Our instructors, worn gray after years of this kind of work, asked us to “always say yes” — and we took them to heart. But part of me knew it wasn’t exactly the right way to look at things. In a scene, YES, always say yes… but was this mindset really appropriate and representative of the industry I would be stepping into? In the real world, you have to carefully look at every script before signing up to participate in it… right?
With practice, I got really good at working 16 hour days, and 6-7 day work weeks, and at preparing my coffee and oatmeal the night before. It was thrilling, and easy, in a way. I thrived within the confines of a busy and intense schedule. I knew exactly how I was spending about 16 out of my 24 hours in the day, but only because someone was telling me exactly how to spend that time. In retrospect, I should have been practicing how to self-start. People like to say that being an actor is like running your own business, your own brand and it’s true. Nobody tells the CEO how to spend her day — she has to figure it out for herself.

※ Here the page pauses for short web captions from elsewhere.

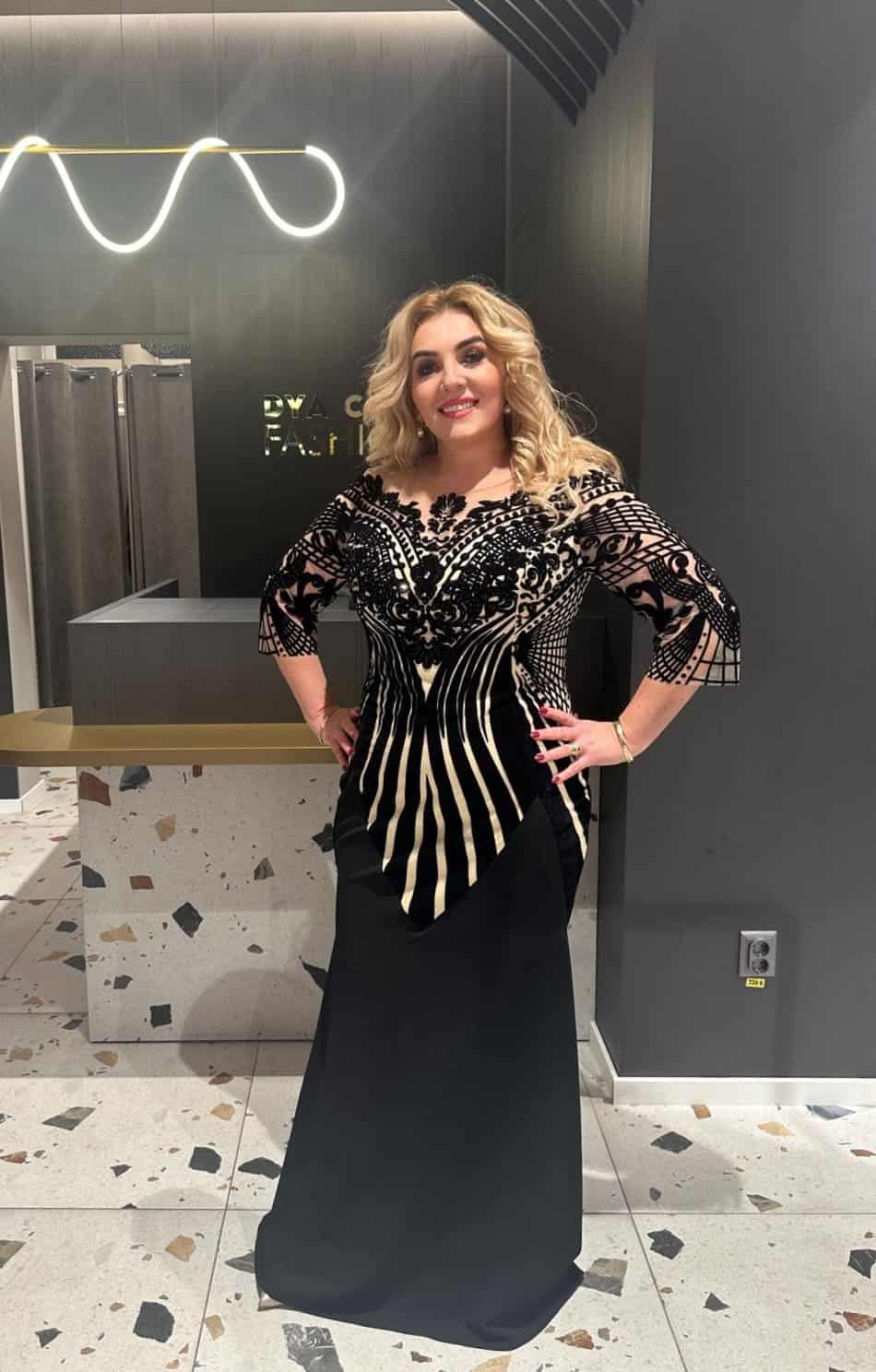 Rochie Negru-Bej Lux DYA313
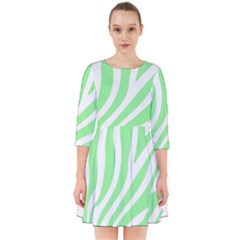 Green Zebra Vibes Animal Print  Smock Dress by ConteMonfrey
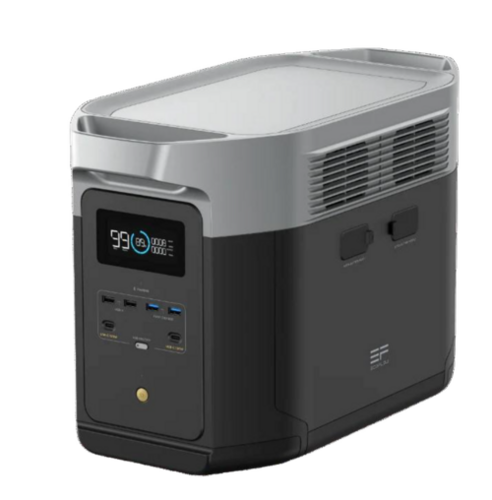 Delta 2 Max Portable Power Station - 2048Wh Capacity, Gray Black, Digital Display, Easy to Use, Industrial Power Supply
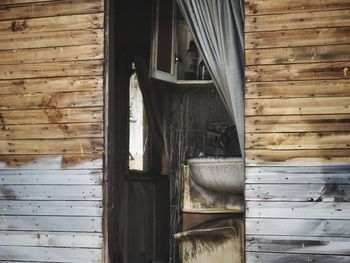 Old wooden door of building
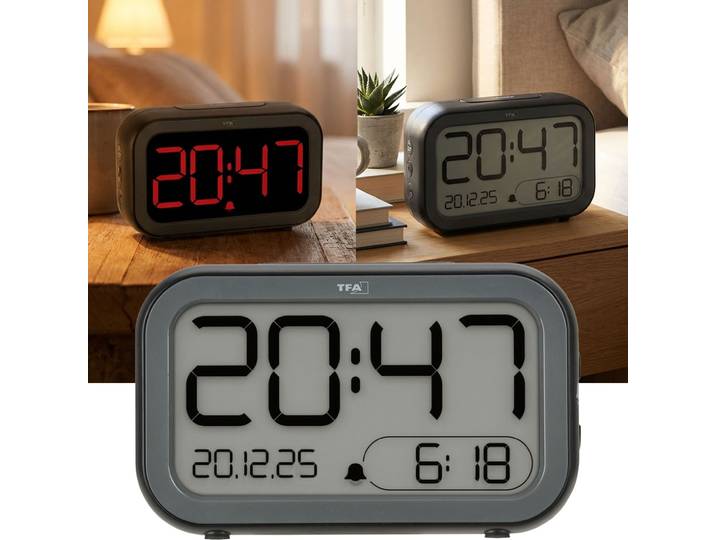 Digitalwecker mit LCD & LED, USB aufladbar, 4,1 x 8,1 x 13,2 cm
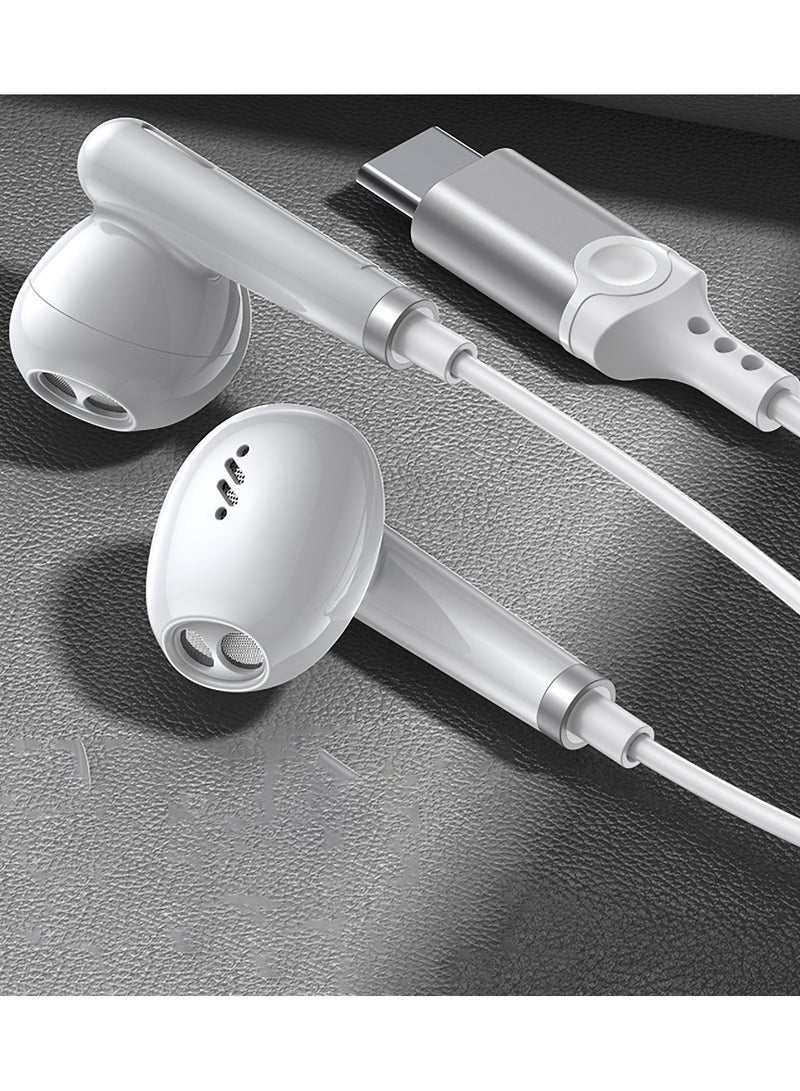Concretization Type C Headphones / USB C Headphones for Samsung Galaxy S25 S24 S23 Ultra S22 S21 FE S20 A54 A53 Or iphone17/16/15 , USB C Earphones with Mic Volume Control Wired Earbuds 545 White - Image 2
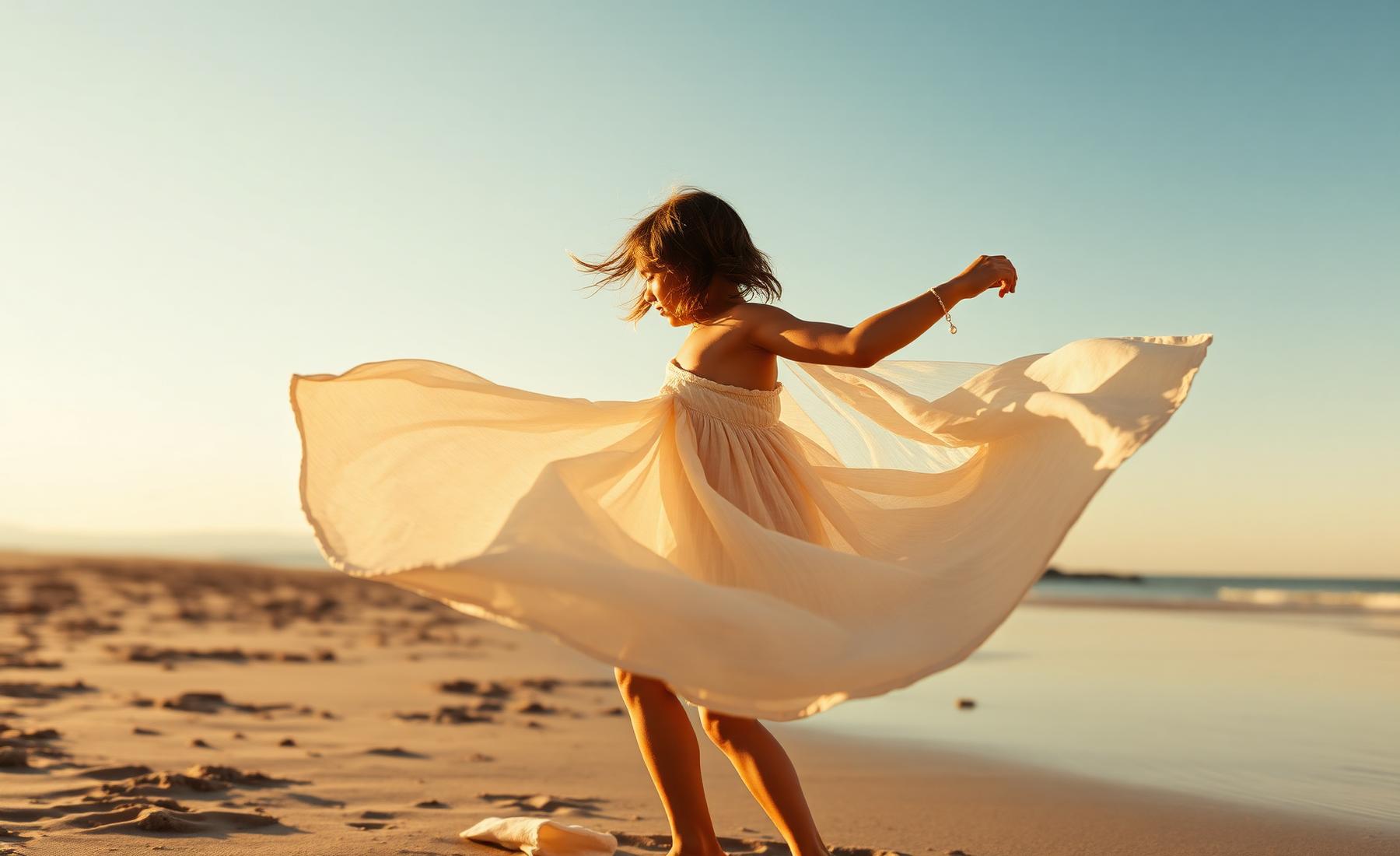 A child in flowing cream linen on a golden beach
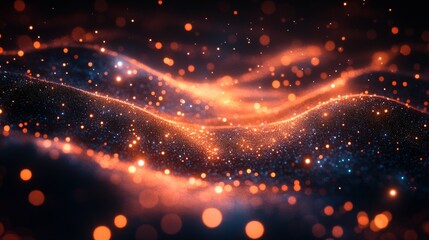 Obraz premium Dazzling network of glowing points and lines, creating a modern backdrop for posters, social media, and banners.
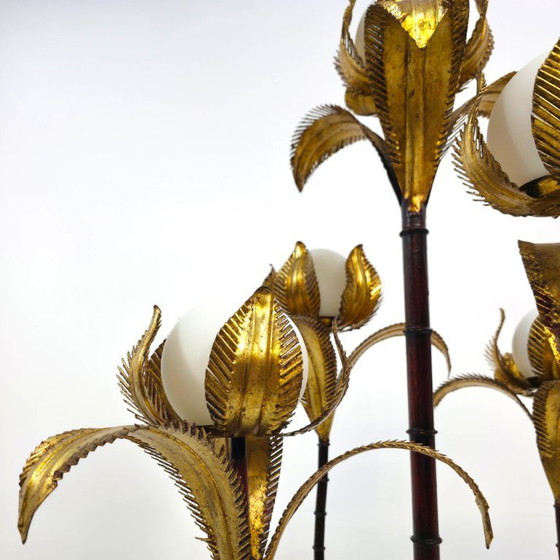 Image 1 of Hollywood Regency Lamp Florentiner Bamboe Palmboom Verguld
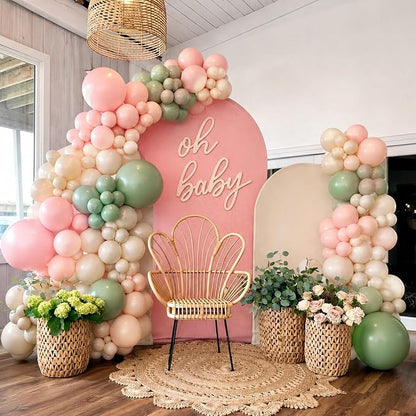 Pink and Sage Green Balloons Arch Kit - Image 6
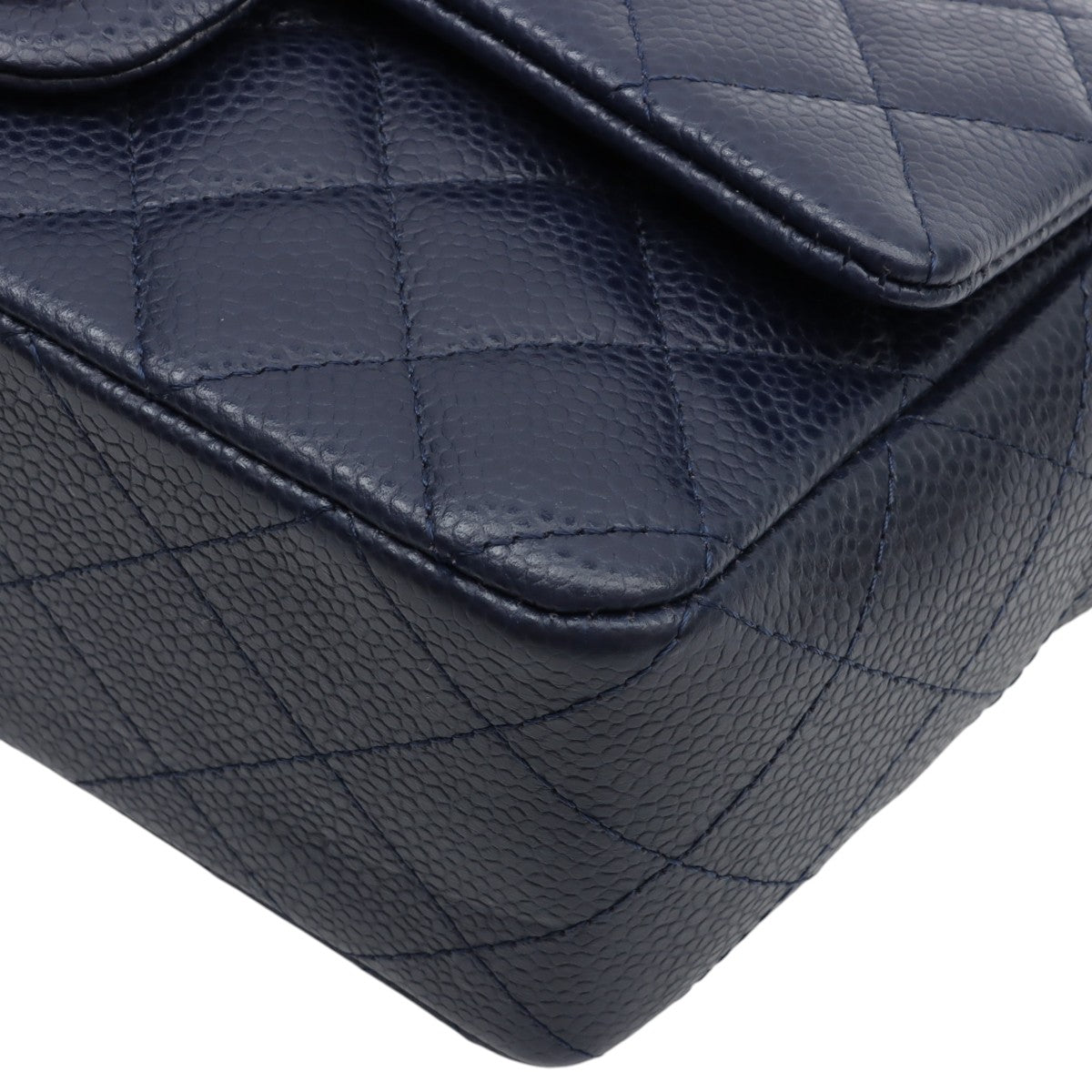 2014-era Caviar Skin CC Turn-lock Chain Shoulder Bag, Navy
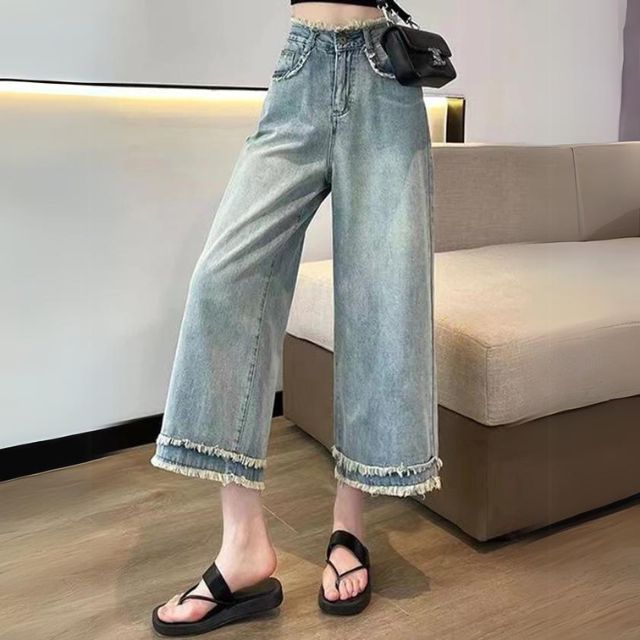 Ariella - brede ben denim culottes med frynser kant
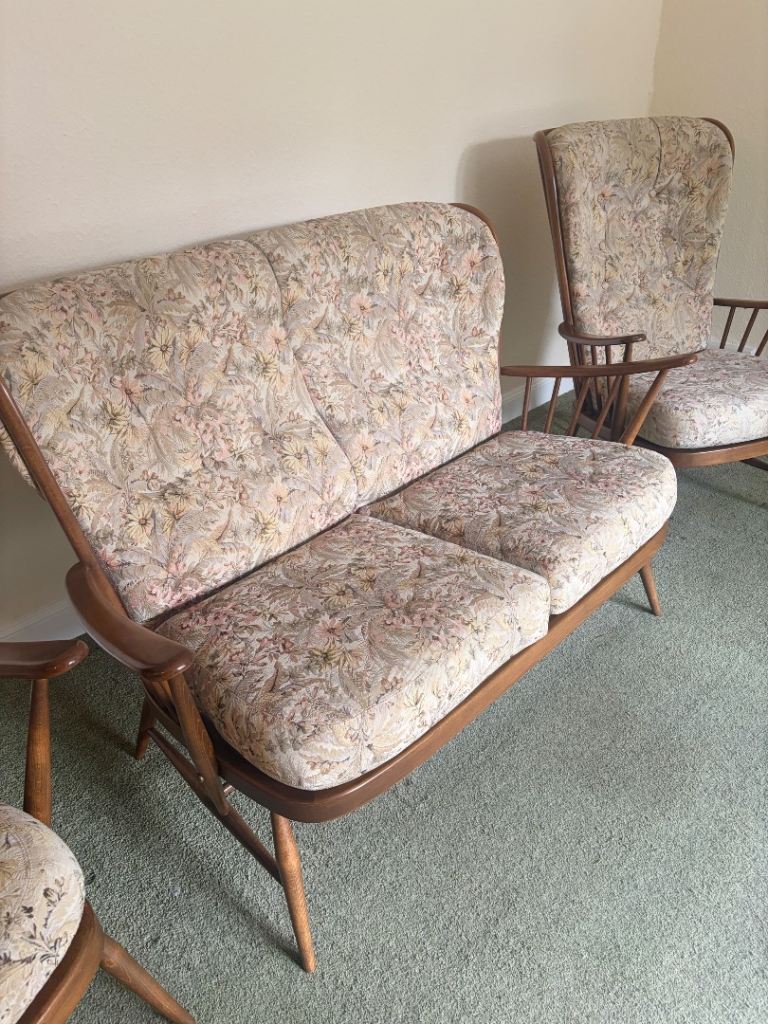 Ercol evergreen sofa set, ash blonde *rare* conservatory or lounge
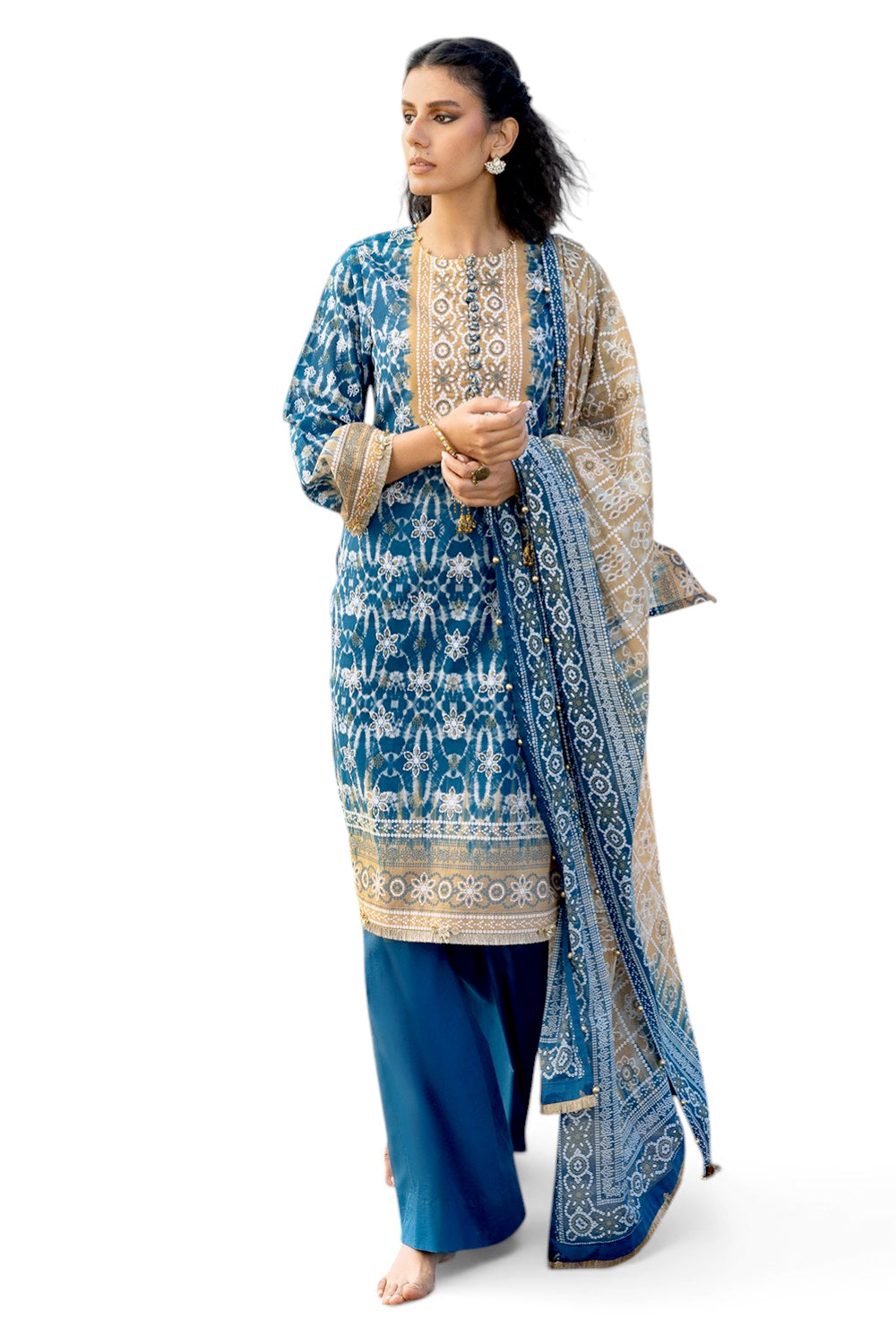 3 Piece Lacquer Printed lawn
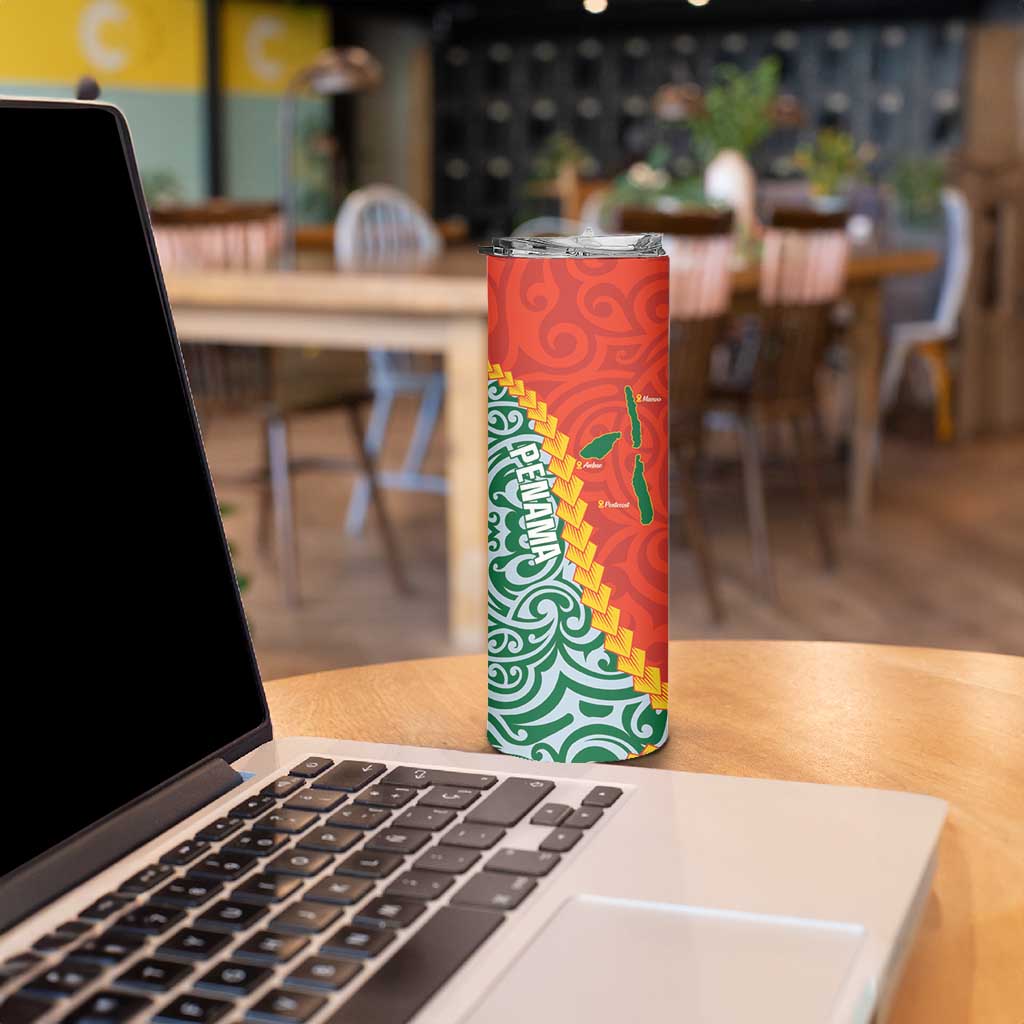 Penama Province Skinny Tumbler Vanuatu Pattern Map With Plumeria Flag Color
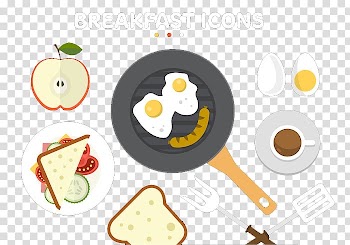Sausage Fried egg Breakfast Food, A collection of colorful flat style breakfast foods transparent background PNG clipart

When I graduated, I spent my first year-and-a-half or so working like crazy. I said yes to every casting call, every audition, every meeting, (almost) every job offer. It didn’t matter if it rehearsed 3 days-a-week an hour away from my house for three months and paid $400! I was doing it. And doing it, and doing it, and doing it. Independent film, after apartment play, after unpaid web series.
Then, the consequences. Depression, exhaustion, depletion. Apathy. I was busy all the time, acting in projects I felt just so-so about… but I was acting, right? I couldn’t quite recall why I’d wanted to do all this work in the first place. Nora then reached out on behalf of Happy Work Spectacular Life, like the little lighthouse in the distance that she is. Right on time.
During my Discovery session with Jodi, I was reminded of a lesson my dad always tried to instill in me: “Don’t say yes to things that uselessly deplete your energy.” Work appeared that would have fulfilled some achy part of my ego (crying: “feed me!” as it does until the end of time), but I couldn’t afford the time it would take. It didn’t pay, it didn’t offer valuable benefits like experience and exposure that I wasn’t getting elsewhere. What’s the moral of the story? I said no because I was busy.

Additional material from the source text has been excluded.